Indian indices are trading firm on buying interest in heavy weights over the previous two hours of trade. Stocks from realty and oil & gas space are the largest gainers while stocks from the power and capital goods space are the smallest.
Real Estate stocks are trading firm with Unitech and Ansal Housing leading the gains. However, Ackruti City and Omaxe Ltd. are trading weak. DLF announced its 3QFY11 results recently. Top-line increased 22.4% YoY on the back of strong sales booking. The company booked 2.48 msf of area in 3QFY11 as compared to 2.0 msf in 2QFY11. Operating margins expanded to 47.5% during the quarter due to high profit margin project launches. However, net profits declined 0.5% YoY in 3QFY11 due to increase in depreciation and interest expenses.
Currently, DLF has 41 m sqft of area under construction in its development business and 16 m sq ft in the annuity business. The total developable area stands at 399 m sqft as at the end of 3QFY11. On the realization front, commercial segment witnessed a significant jump of 83.7% YoY. However, realizations in the residential segment were relatively flat. Margins in the residential and commercial space stood at 75.5% and 80.1% respectively during the quarter. The company has been working consistently to reduce the debt burden by unlocking its non-core assets. It may be noted that the net debt/equity ratio at the end of the quarter stood at 0.79x, with an average cost of debt in the region of 10.8%.

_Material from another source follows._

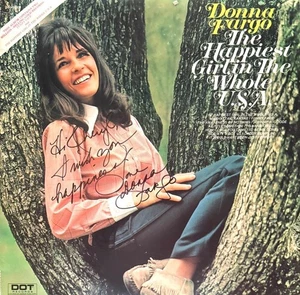 DONNA FARGO HAND SIGN AUTOGRAPH LP ALBUM "THE HAPPIEST GIRL IN THE WHOLE USA " - Picture 1 of 2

Hindustan Sanitaryware Ltd. (HSL) declared its 3QFY11 results. The company's top line grew by 36% YoY. HSL's building products division grew by a robust 43% YoY driven by strong recovery of real estate and the construction industry and the company's focus on premium products. The second division of HSL i.e. container glass also turned in a strong performance, growing by 31% YoY. While volumes increased by 21% YoY, higher realization contributed towards the remaining top line growth. Better product mix as well as price hikes contributed to the growth in realizations. Operating margins of the company improved by 4.1% to stand at 22.2%. This performance came on the back of lower raw material costs as well as lower power and fuel expenses (both as a percentage of sales). Better energy efficiencies at a new plant belonging to the container glass division helped the company control its power and fuel costs. Bottom line grew by an impressive 177% YoY as lower interest charges and better economies of scale further boosted performance.